▶ **ASSIGNMENT**
Retype exactly the lines below, starting with the line that contains "1019 Apolune Street. Ottawa, ON K2J 6N8 34" and ending with the last line; leave out any pictures.

▶ **DATA EXTRACTS**
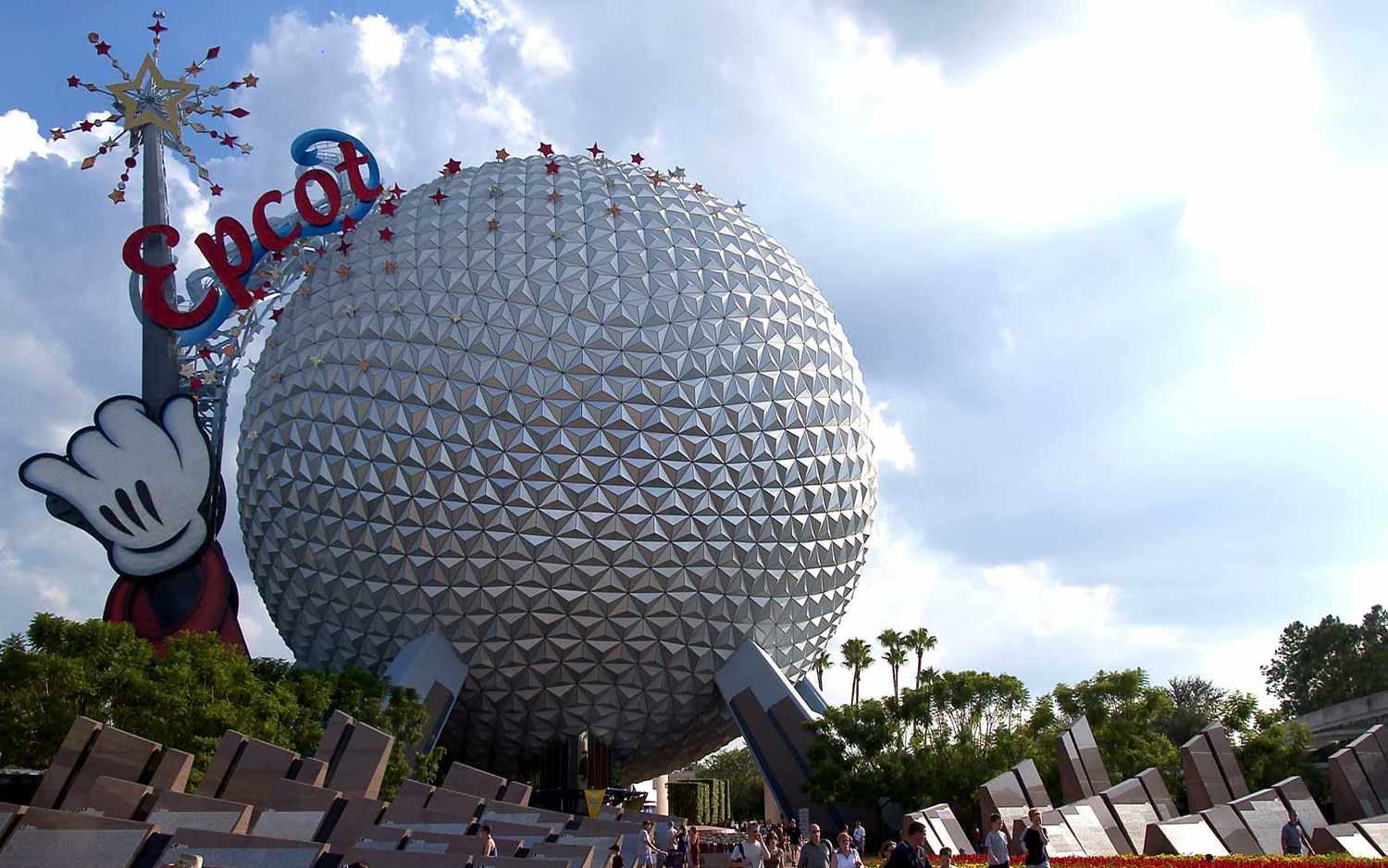 Disney World Cuts Operations, 50% Attraction Closure Begins Tomorrow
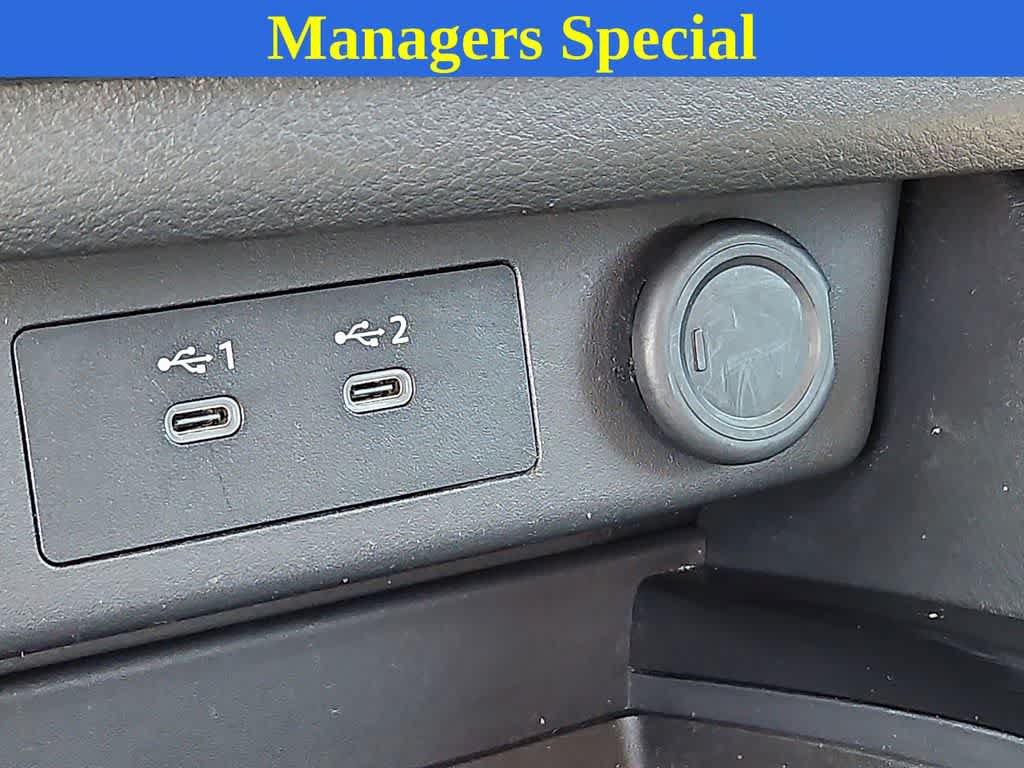 Used 2025 Nissan Rogue SV AWD/4WD image 24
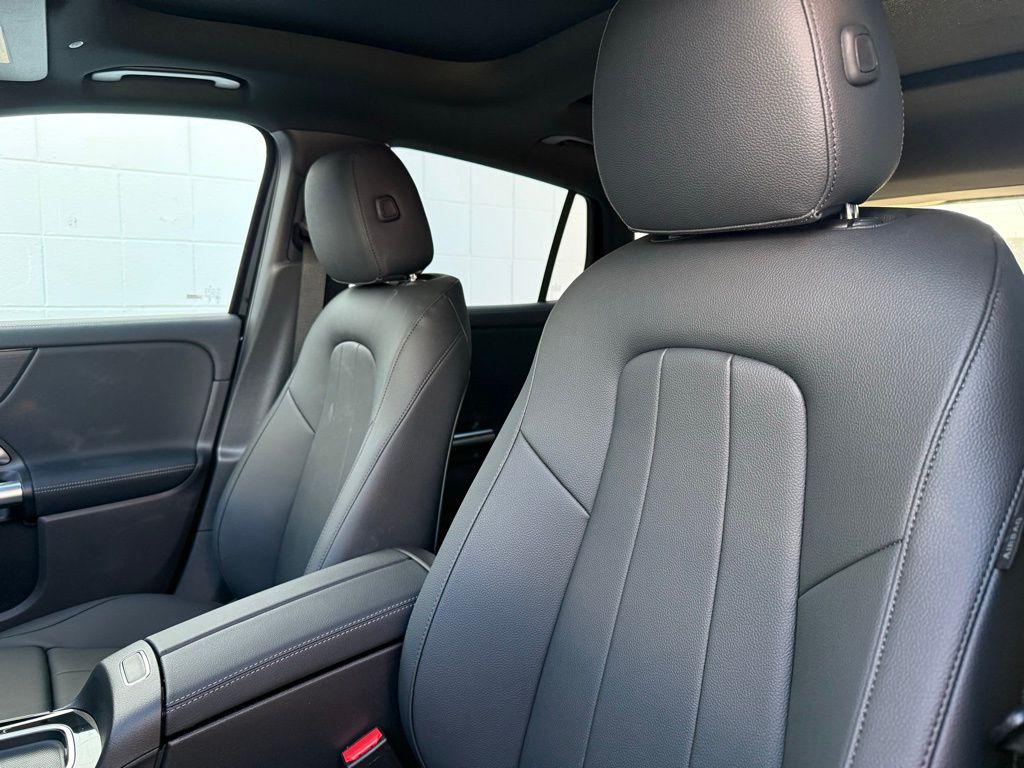 MERCEDES-BENZ GLA-CLASS - 5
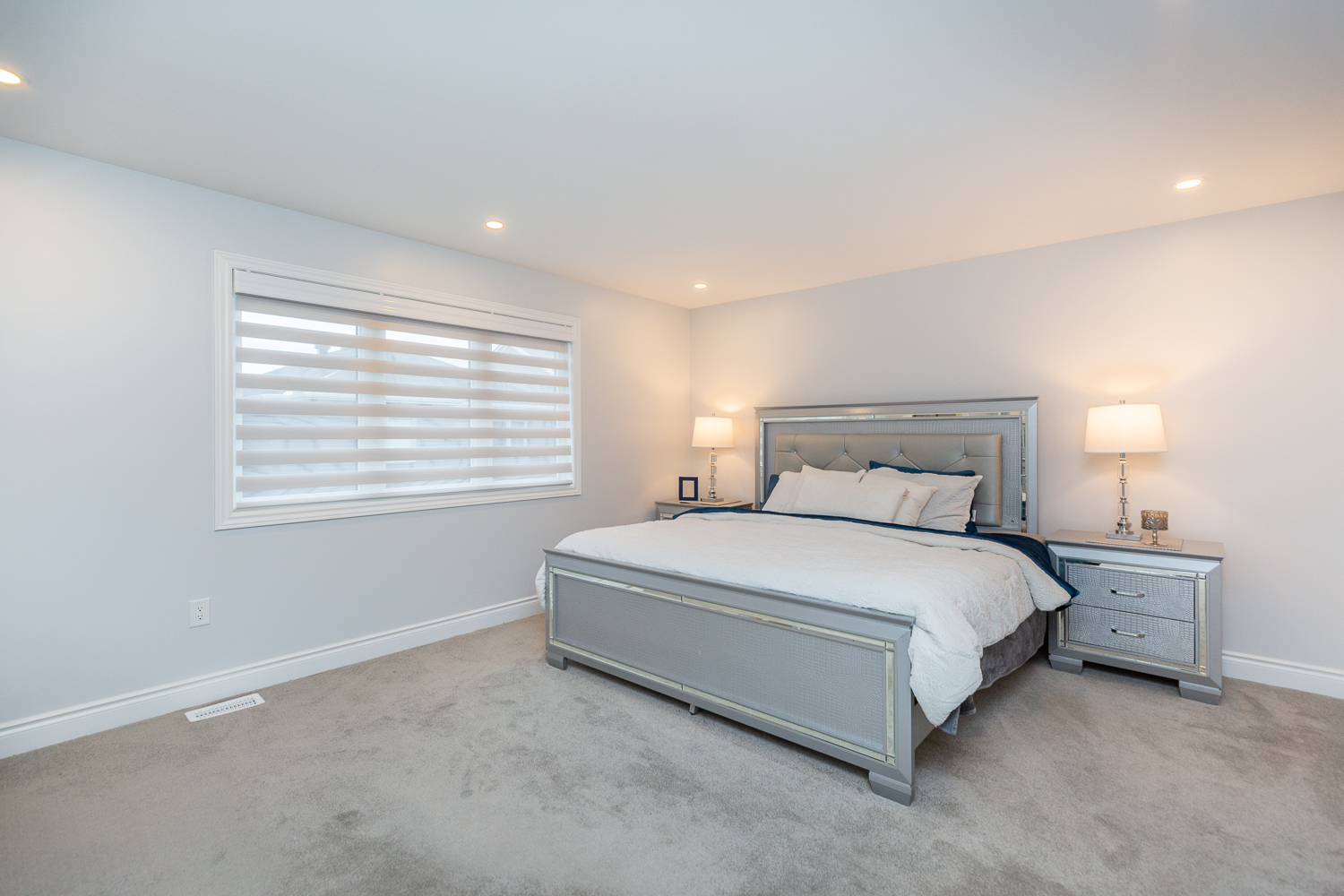 1019 Apolune Street. Ottawa, ON K2J 6N8 34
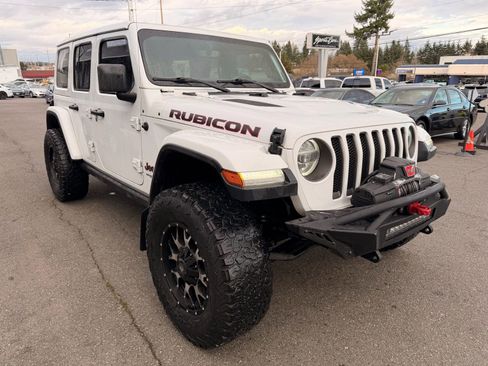 Used 2018 Jeep Wrangler Unlimited Rubicon AWD/4WD image 3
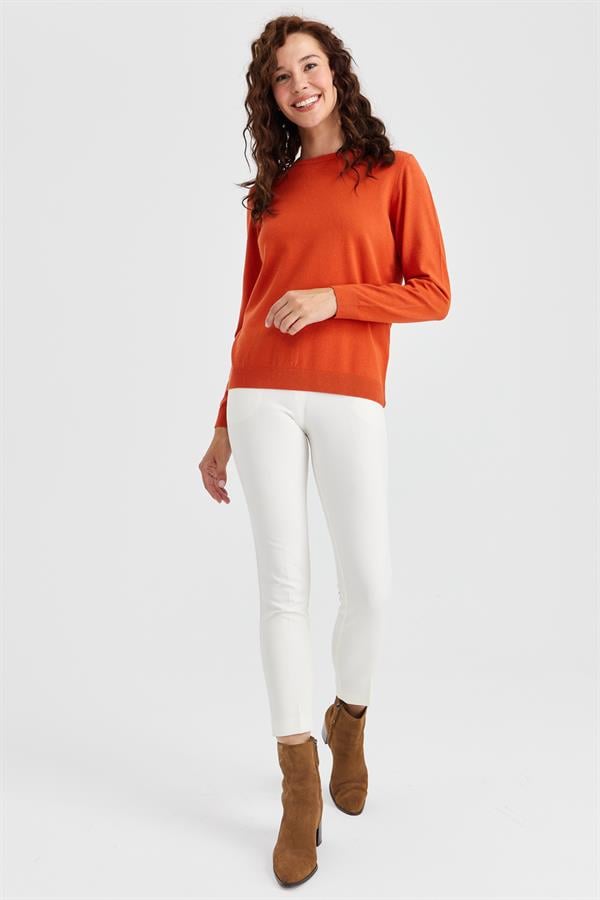 Женский базовый свитер Angelina с круглым вырезом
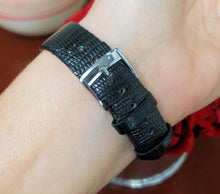 Load image into Gallery viewer, Vintage 32mm 1952 Rolex Oyster Royal Rare Dial Stainless Steel Lizard 6144

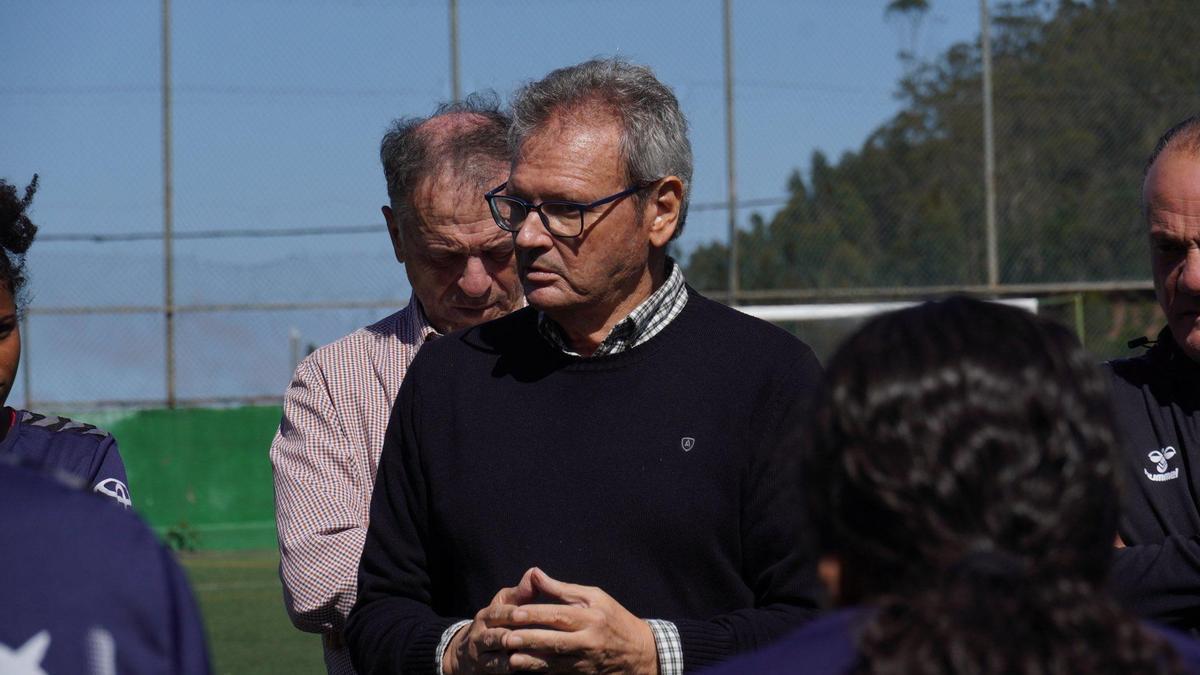 Sergio Batista, presente antes de que comenzara el entrenamiento.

▶ **OUTPUT FOR THIS TASK**
 1019 Apolune Street. Ottawa, ON K2J 6N8 34
 Used 2018 Jeep Wrangler Unlimited Rubicon AWD/4WD image 3
 Женский базовый свитер Angelina с круглым вырезом
 Load image into Gallery viewer, Vintage 32mm 1952 Rolex Oyster Royal Rare Dial Stainless Steel Lizard 6144

 Sergio Batista, presente antes de que comenzara el entrenamiento.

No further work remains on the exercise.